Humanoid robot Valkyrie arrives at Edinburgh University
A humanoid robot that could help build and maintain a habitat for humans on Mars has arrived in Scotland.
The 5ft 11in tall machine is being developed in a collaboration between Nasa and the University of Edinburgh.
Named Valkyrie, it can currently walk on two legs and perform basic movements but the team want to give it more sophisticated skills.
NASA plans to send Valkyrie to Mars ahead of the first manned missions to the Red Planet, expected in the 2030s.
The robot, which weighs nearly 20st (125kg), is one of only three prototypes in the world and the only one in Europe.
University scientists will seek to improve the robot's handling and walking capabilities, and use Valkyrie's sophisticated on-board sensors to help it make sense of its environment, and improve its manoeuvrability.
Researchers will also aim to further develop the robot's ability to interact closely and safely with humans and other machines.
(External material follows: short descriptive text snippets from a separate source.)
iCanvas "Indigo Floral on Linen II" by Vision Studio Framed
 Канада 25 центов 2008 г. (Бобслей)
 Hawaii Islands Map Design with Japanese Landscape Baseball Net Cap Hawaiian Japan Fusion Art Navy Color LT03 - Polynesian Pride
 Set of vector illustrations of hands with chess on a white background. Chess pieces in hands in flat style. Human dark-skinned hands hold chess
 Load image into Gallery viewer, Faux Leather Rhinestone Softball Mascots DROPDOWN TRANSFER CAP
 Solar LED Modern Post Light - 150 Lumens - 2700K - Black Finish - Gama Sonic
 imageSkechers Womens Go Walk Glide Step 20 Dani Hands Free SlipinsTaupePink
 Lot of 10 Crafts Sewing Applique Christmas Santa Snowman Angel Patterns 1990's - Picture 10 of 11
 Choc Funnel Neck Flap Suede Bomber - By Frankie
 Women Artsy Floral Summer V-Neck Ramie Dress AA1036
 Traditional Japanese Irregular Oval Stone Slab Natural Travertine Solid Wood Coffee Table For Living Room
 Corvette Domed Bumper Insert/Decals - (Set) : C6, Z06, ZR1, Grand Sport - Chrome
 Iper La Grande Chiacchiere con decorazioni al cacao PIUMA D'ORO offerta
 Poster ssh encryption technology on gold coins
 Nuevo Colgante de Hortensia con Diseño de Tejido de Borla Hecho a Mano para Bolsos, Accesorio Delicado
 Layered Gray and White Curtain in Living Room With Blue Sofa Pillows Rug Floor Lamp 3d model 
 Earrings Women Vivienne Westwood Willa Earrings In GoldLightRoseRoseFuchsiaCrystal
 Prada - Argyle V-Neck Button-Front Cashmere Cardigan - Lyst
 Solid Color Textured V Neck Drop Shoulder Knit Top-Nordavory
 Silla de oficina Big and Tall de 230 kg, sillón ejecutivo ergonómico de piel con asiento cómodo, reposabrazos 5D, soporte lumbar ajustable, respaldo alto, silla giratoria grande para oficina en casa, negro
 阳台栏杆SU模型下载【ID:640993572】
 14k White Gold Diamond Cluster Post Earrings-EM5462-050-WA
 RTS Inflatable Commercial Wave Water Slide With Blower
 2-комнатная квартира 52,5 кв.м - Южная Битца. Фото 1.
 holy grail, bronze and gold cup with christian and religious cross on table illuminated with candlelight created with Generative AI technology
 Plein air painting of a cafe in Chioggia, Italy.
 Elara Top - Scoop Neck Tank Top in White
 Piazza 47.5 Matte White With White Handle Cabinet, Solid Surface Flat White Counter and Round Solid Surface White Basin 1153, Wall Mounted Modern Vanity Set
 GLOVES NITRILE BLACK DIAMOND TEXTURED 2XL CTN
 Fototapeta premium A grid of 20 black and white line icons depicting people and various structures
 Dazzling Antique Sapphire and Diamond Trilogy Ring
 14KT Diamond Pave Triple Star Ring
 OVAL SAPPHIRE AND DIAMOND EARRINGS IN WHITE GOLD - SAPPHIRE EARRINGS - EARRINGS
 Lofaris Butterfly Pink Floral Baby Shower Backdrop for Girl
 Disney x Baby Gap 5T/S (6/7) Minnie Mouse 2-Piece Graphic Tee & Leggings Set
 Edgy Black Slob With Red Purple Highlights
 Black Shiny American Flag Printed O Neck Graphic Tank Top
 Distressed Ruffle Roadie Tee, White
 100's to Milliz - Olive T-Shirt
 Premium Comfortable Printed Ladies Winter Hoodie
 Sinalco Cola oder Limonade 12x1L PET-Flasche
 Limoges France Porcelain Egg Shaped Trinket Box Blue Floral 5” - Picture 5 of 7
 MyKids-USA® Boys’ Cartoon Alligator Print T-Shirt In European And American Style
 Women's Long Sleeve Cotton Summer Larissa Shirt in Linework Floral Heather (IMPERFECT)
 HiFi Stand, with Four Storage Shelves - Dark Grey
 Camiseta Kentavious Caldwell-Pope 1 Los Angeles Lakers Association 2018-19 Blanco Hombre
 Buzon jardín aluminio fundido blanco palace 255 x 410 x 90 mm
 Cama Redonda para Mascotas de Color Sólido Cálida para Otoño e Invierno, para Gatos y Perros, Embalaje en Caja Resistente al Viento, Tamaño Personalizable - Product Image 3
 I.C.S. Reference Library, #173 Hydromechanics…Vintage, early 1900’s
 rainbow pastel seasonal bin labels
Prof Sethu Vijayakumar, of the university's School of Informatics and director of the Edinburgh Centre for Robotics, said: "Valkyrie is a huge scientific undertaking.
"We are looking forward to tackling the many technical challenges involved in developing a large-scale humanoid robot, and pushing the state of the art in humanoid robotics."
Valkyrie's human-like shape is designed to enable it to work alongside people, or carry out high-risk tasks in place of people.
Named after a Norse spirit, the hope is that it could travel to Mars, many years before humans, to carry out preparatory tasks and maintain equipment there.